けんねんもん

 日本語の口語には、最後、「ん」で終わる言い方が多い。そうして、恐るべきことに、「ん」の前にどんな音が来るかで、その人の生まれ育ちや物事への基本姿勢がわかってしまうのである。


 たとえば、


  ぶっ飛ばすけん。


 と来れば、雄々しい。広島あたりで育ったものと推測され、菅原文太兄貴の顔が思い浮かぶのである。


  ぶっ飛ばすねん。


 なら、大阪近辺であろう。

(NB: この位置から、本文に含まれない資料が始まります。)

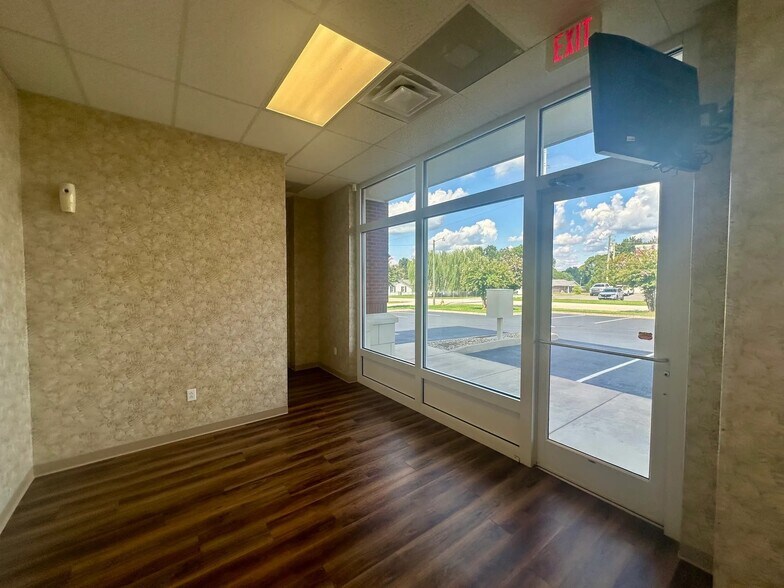 More Photos Of 1405 S Sizer Ave, Jefferson City Unknown For Lease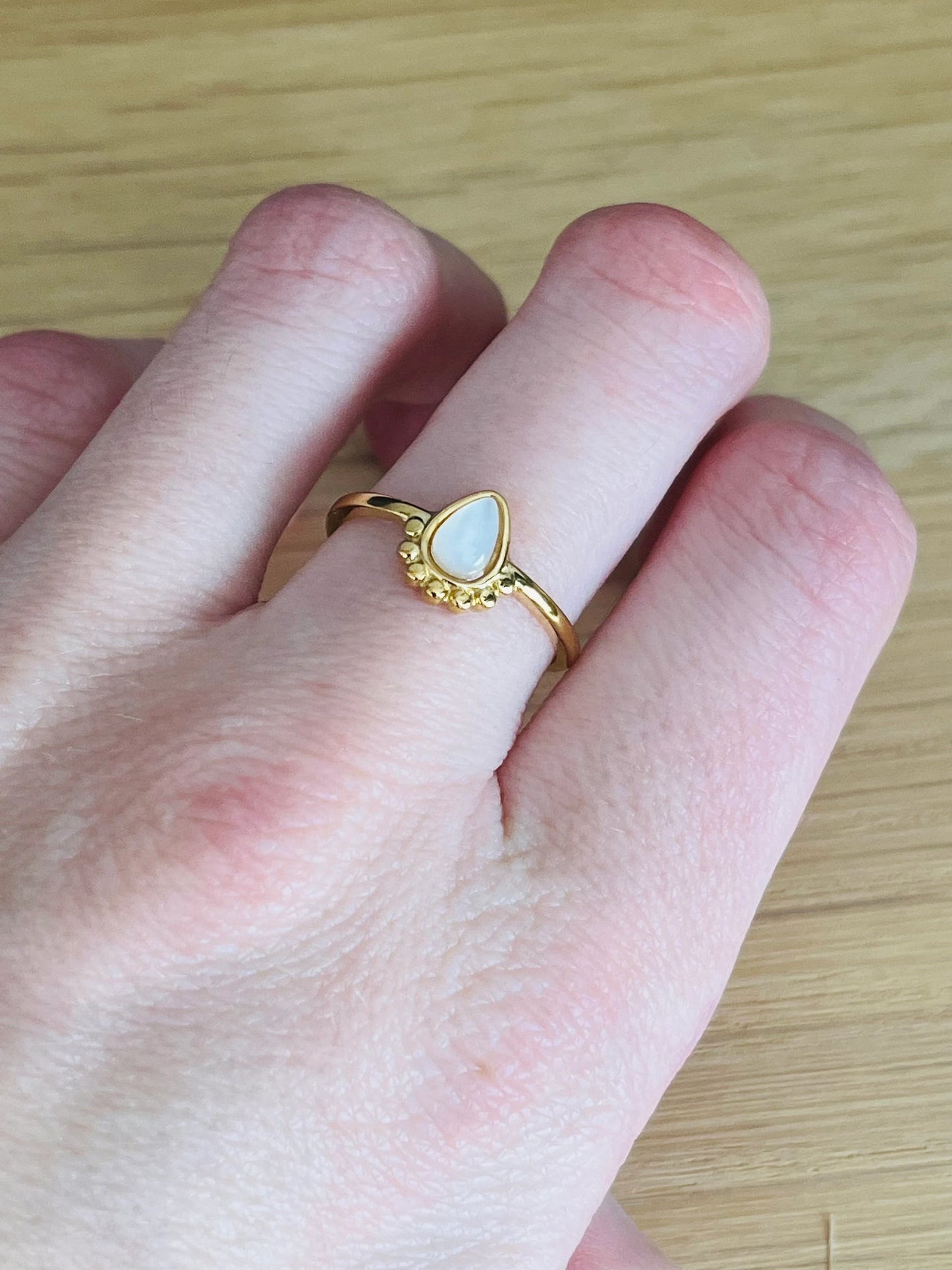 Bague en acier inoxydable doré et pierre naturelle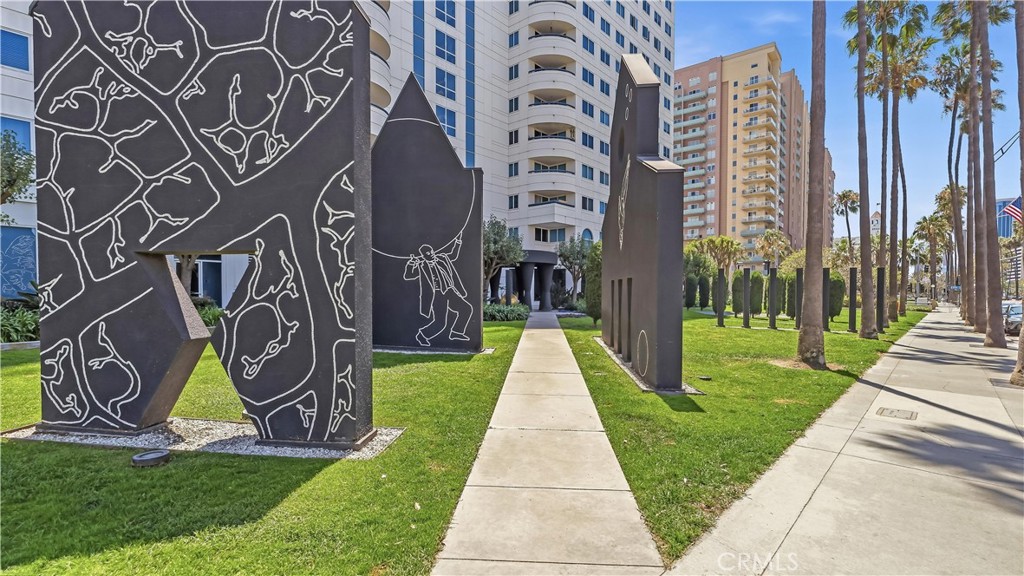 525 E Seaside Way 1105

「どついたるねん」というもっと強烈な言い方もあって、映画のタイトルにもなっているが、まあ、上につく言葉まで変えるのはやめておこう。


  ぶっ飛ばすやん。


 は、関西方面で軽い同意を求めたり、相手との距離をちょっと縮めようとする言い回しだ。なぜにぶっ飛ばすことに同意を求めるのかはわからないが。


  ぶっ飛ばすじゃん。


 というのは元々、横浜の方言だったようだが、今では関東を中心に広く使われるようになった。


 ダメダメなものもある。


  ぶっ飛ばすもん。


 こんな話し方をするやつとは友達になりたくない。南こうせつ調ぬるま湯的“やさしさ”を、私はそこに感じるのである。


 なんだかわけのわからないのもあって、


  ぶっ飛ばすよん。


 ふざけているのだろうか。しかし、クールな悪役が、拳で手のひらをピタピタ叩きながらこういうセリフを吐くと、かえって怖い気がする。


  ぶっ飛ばすわん。


 となると、最後にハートマークを付けたくなってくる。お色気路線である。


 ここまであげた中で、私はやはり「けん」が最も好きである。地の上にひとり立つ男の誇りというものが感じられるからだ。
 しかし、「けん」は男らしすぎて、少々、扱いに困る場合もある。


  キティちゃんが大好きだけん。
  シュークリームに目がないけん。


 いや、もちろん、人の好きずきであり、何を主張しようと勝手なのだが、文太兄貴の顔が頭をかすめるせいか、なるべくならそういうセリフを聞きたくない、と思うのである。


 NHKの番組をもじって、こんなのはどうだろうか。


  ひとりでできるけん。


 度胸だけを武器に生きてきた不器用な男が、強い決意のもと、初めてお料理に挑戦するのだ。そこに、私はなぜか、かすかな涙ぐましさを感じるのである。


 いっそ、単身赴任のオトーサン向けに、番組化したらどうだろうか。「ひとりでできるけん」。料理だ、洗濯だ、掃除だ、という家事の要領を、あくまで雄々しく教えていくのだ。
 オトーサンには、どこか「昔はおれもワルだった」と思いたい心理がある。「家庭的」に染まりきりたくない心情もあるから、結構、受けると思うのだけどな。